* **PROVIDED DATA**:
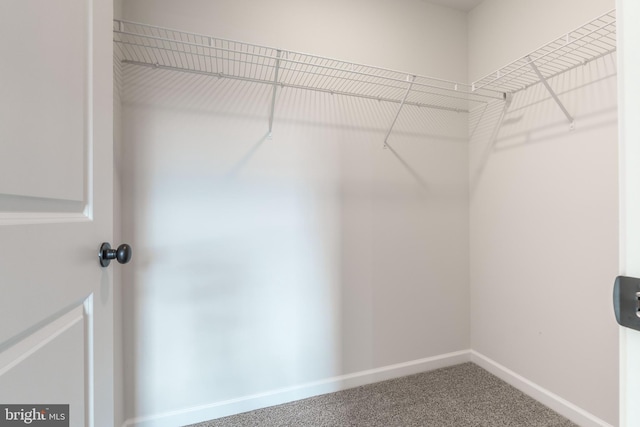 walk in closet with carpet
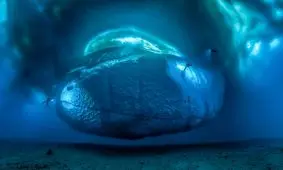 روایت لوران بالستا از بهترین عکس‌اش؛ قسمت زیرین کوه یخ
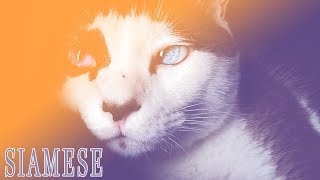 Ideal Companion Siamese  Cat Breeding Videos [upl. by Lennahc387]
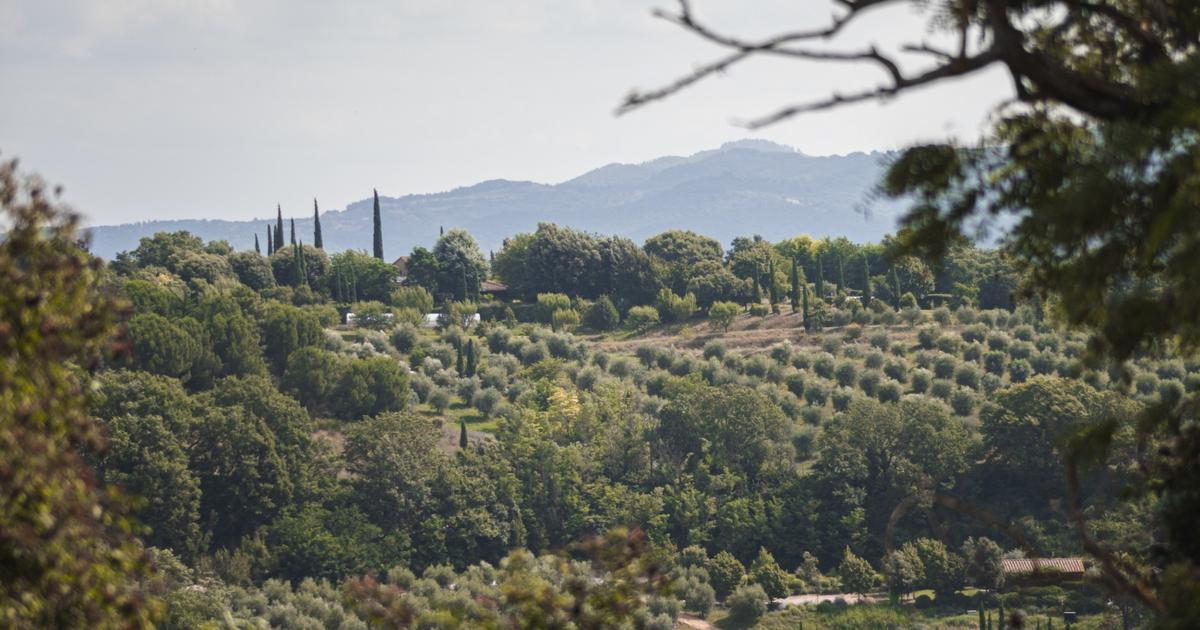 «Le nombril de l’Italie» : dans les jardins extraordinaires d'Ombrie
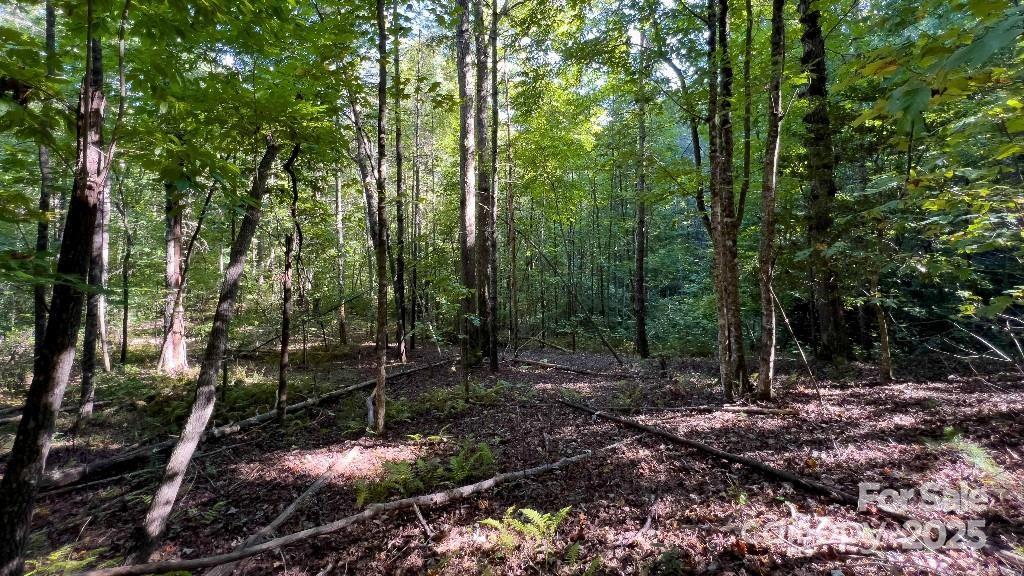 TBD Quiet Creek Lane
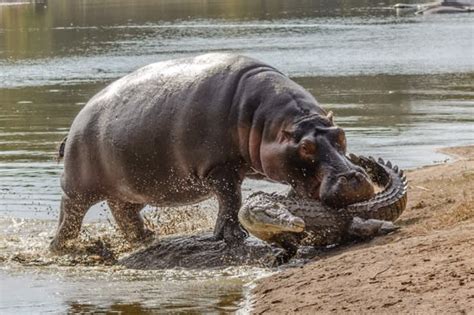 Hippo bites crocodile to protect her baby in South Africa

* **ASSIGNED TASK**: Write out, please, the lines of the listing above from the one with "روایت لوران بالستا" through the very last, exactly as given and with no pictures.

* **RESPONSE**:
 روایت لوران بالستا از بهترین عکس‌اش؛ قسمت زیرین کوه یخ
 Ideal Companion Siamese  Cat Breeding Videos [upl. by Lennahc387]
 «Le nombril de l’Italie» : dans les jardins extraordinaires d'Ombrie
 TBD Quiet Creek Lane
 Hippo bites crocodile to protect her baby in South Africa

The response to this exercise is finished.